結局、濱中選手はバント練習を行わず、かなり脇腹が痛いのかと心配しましたがその直後に行われた走塁練習には元気に参加していて全力疾走も見せてくれていましたのでそれほど心配はなさそうでした。
ここまでで全体の練習メニューは終わり、この後は個別練習となりました。
濱中選手の個別練習は特打。
軽くティーバッティングをした後、一旦ドームにいって室内でマシン相手にバッティングをした後、メイングラウンドにもどってきてフリーバッティングを開始しました。
ここでも右打ちを意識したようなバッティングが多かったのですが、どうも脇腹が気になるようで十分に腰を回転できないような感じに見えました。
無理をせず、スイングのフォームを確認するためだけにひとつひとつのスイングを繰り返しているようでした。
フリーバッティングが終わった後、仕上げのロングティーがありました。
相手をしてくれたのはまたも広澤コーチ。

濱中選手のスイングを確認しながらトスを上げてくれていた広澤コーチでしたが、途中で「ちょっと貸してみろと濱中選手からバットを受け取ると自らがフルスイングでティーバッティングを始めました。最初はスイングを濱中選手に見せてコーチするつもりだったようですが、振ってみると勝手が違ったのか「腰痛いなぁ」「年取ったなぁ」などと言いながらも「どうだ!」「これはいっただろう!」などと途中からは目の色を変えて現役にもどったかのような豪快なスイングを披露してくれました。

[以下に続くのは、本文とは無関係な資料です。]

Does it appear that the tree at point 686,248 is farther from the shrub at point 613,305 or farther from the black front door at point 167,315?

今日の野外練習はこれで終了。あとはホテルにもどっての夜間練習が行われたようでした。

暑い日差しの中、朝早くから夜遅くまで野球漬けのキャンプ。その中で濱中選手は自分の本来のスイングを取り戻すべく・・・いや、新たなる自らのスイングを見つけるべくひたすらバットを振り続けていました。
きっとその成果はすぐに現れるはずです。